Während sich die Investoren noch fragen, ob die Jahresendrallye bereits vorbei ist, machen sich Anleger schon Gedanken über den Börsenausblick 2015. Im Dezember 2014 wurden in vielen Indizes noch einmal neue Allzeithochs gemessen. Dennoch blieb der nachhaltige große Sprung darüber aus. So können die Kurse zwar mit neuen Höchstständen glänzen, locken aber dennoch nicht viele Anleger zu einem Kauf.

Ähnlich unattraktiv sind für viele Käufer die aktuell günstigen Edelmetalle wie Gold und Silber.

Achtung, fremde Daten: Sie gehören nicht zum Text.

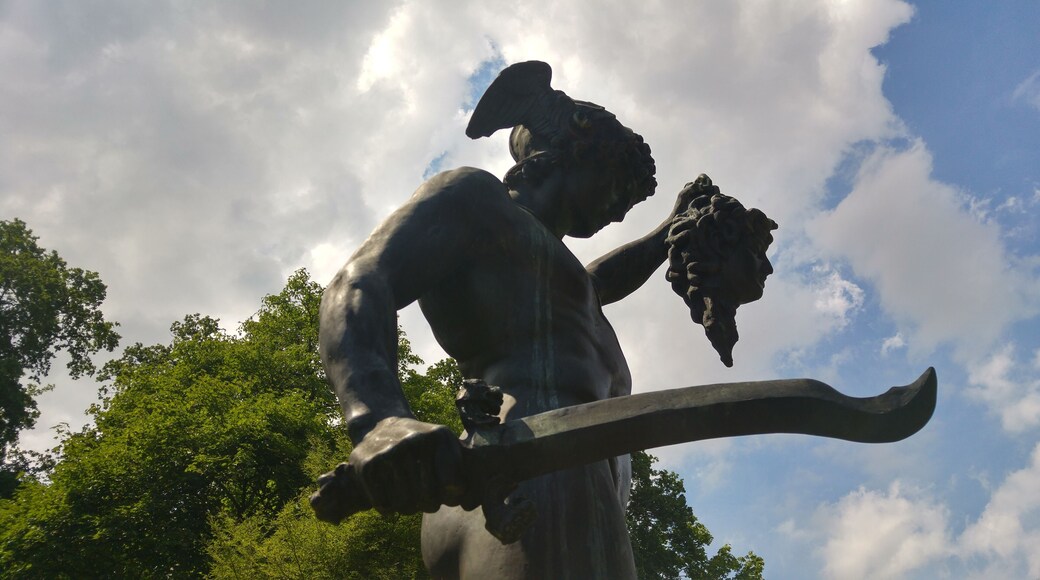 Lantz’scher Park: Skulptur von Ludwig Vordermayer (Perseus mit dem Gorgonenhaupt). Kopie nach einer Bronzeskulptur von Benvenuto Cellini (16. Jahrhundert)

Bei den deutschen Aktien halten sich die Investoren zurück, weil die negativen Argumente eher überwiegen. Die Edelmetalle werden auch noch gescheut. Hier wird offenbar erst eine Bodenbildung abgewartet. Unterdessen fällt Rohöl immer tiefer und beschert zumindest an der Tankstelle den Autofahrern ein volleres Portemonnaie.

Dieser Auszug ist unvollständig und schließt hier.